Unique Id Generation in a Distributed System
Requirements:
- Id's MUST be unique and numeric.
- Id's should fit into 64-bit.
- They should be allocated such that they are sorted over time.
- Ability to Generate 10,000 id's per second.
Various Options
1. Multi-Master Replication
Uses the db's auto-increment feature, for distributed systems, if there are k different db-instance, we increment the id by k rather than 1.
- Drawbacks
- Hard to scale with more datacenters.
- Hard to scale when a db-server is added or removed.
- The algorithm does not guarantee that IDs are generated in chronological order. For example, consider multiple ID generation requests R1, R2, and R3 arriving at Server S1, which allocates IDs 0, 2, and 4 respectively. Meanwhile, another request R′ arrives at Server S2 and is allocated ID = 1. Even though R′ is a newer request, it receives a smaller ID than R3 (ID = 4), violating the expectation that
newer requests should receive larger IDs.
Server-1: R1(id=0) --> R2(id=2) --> R3(id=4)
Server-2: R'(id=1)
2. UUID
A UUID (Universal Unique Identifier) is a 128-bit value used to uniquely identify an object or entity on the internet. UUIDs are generated using an algorithm based on a timestamp and other factors, such as the network MAC address etc.
- Pro
- Easy to implement and no cordination required between various servers.
- Easy to Scale
- Cons
- Id's generated are 128-bit not 64-bit.
- Id's use hexadecimal chars rather than all numeric.
- Id's do not go up with time.
3. Ticket Server
Ticket Server is like a centralized auto-incrementor. All servers requests the ticket-server to get an id.
- Pro
- Maintains Synchronization
- Con
- Single-Point-of-Failure
4. Twitter Snowflake Approach
The Way of Thinking:
- Id must be sorted over time, therefore, it signals
Id MUST contain some information about the timestamp. 10,000 id's per secondsignals that there could exists cases where two or more id's are generated over same millisecond.- The Collision in Step-2 can occur within a mulitple-server as well as within multiple-datacenters.

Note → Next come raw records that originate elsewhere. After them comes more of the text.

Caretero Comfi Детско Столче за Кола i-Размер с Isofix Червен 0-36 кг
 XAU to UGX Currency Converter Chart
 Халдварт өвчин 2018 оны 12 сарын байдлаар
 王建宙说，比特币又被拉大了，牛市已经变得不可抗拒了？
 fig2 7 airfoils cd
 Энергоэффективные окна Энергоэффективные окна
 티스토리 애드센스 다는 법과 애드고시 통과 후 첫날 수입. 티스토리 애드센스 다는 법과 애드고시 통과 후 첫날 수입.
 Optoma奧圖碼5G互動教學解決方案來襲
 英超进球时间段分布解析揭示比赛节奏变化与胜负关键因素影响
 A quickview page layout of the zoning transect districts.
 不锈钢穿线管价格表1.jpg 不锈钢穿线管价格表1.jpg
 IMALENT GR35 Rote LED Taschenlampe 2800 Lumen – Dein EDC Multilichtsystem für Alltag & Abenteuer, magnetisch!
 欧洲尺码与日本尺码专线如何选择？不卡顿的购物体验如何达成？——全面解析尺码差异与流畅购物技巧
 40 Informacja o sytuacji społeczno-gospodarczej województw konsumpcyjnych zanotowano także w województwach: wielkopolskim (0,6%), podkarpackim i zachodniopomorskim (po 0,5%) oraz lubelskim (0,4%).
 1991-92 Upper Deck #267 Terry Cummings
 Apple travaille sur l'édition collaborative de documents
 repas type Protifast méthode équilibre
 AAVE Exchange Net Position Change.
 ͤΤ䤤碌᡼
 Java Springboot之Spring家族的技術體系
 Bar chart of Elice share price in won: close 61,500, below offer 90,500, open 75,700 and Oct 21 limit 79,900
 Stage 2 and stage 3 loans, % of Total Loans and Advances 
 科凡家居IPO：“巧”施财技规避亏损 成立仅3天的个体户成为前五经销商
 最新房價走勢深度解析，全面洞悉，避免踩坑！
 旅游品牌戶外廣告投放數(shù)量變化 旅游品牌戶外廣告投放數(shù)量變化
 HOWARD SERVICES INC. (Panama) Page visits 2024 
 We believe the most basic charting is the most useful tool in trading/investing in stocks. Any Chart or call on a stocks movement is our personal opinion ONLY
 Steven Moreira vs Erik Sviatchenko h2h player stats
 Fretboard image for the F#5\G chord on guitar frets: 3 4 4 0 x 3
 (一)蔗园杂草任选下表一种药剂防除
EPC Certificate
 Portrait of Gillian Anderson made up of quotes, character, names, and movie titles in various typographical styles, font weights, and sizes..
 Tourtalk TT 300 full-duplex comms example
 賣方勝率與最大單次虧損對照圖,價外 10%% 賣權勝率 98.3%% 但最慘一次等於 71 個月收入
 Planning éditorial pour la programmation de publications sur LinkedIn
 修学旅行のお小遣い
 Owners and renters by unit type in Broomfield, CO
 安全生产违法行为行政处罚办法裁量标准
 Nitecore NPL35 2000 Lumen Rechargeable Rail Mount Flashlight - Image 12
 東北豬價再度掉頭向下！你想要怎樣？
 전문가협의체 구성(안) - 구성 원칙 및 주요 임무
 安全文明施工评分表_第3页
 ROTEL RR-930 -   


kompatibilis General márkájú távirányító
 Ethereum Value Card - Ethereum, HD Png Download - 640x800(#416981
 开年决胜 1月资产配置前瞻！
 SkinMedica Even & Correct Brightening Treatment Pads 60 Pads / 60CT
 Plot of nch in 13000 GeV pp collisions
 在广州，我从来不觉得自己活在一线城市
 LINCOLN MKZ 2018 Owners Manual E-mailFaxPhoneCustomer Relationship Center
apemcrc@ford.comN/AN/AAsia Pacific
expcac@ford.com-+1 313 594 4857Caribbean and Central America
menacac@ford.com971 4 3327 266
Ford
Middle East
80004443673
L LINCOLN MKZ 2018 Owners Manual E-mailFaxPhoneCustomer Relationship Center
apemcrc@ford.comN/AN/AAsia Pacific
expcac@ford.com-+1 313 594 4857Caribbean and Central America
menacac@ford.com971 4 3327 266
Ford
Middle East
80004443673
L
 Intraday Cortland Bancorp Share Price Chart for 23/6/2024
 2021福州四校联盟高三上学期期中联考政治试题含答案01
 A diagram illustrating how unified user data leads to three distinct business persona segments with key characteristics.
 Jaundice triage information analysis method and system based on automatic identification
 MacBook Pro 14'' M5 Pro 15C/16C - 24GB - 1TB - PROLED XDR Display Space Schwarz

We say, Divide the 64-bits as follows
| 1-bit | 41-bit | 5-bit | 5-bit | 12-bits |
|---|---|---|---|---|
| Future use | Timestamp | Datacenter-id | Machine_id | Sequence Number |
- Adding 41-bit timestamp, makes sure id's are chronologically sorted.
- Datacenter-id and Machine-id are unique for each datacenter and machine within datacenter, avoiding collisions mentioned above in point-3
- Sequence-id is incremented for each id-generated within the same millisecond, after every millisecond, it resets back to 0.
Id-Generation Support:
41-bit Timestamp with millisecond accuracy = 2^41/ 1000/ 60/ 60/ 24/ 365 = 69.7 years.
Support 2^5 (32) datacenters and 32 machines per each datacenters.
12-bit sequence number support 2^12 = 4096 id generation each millisecond.
In Summary, At its best, our machine can support = 4096 * 32 * 32 * 1000 = 4.1 billion unique-ids generation each second for atmax 69.7 years.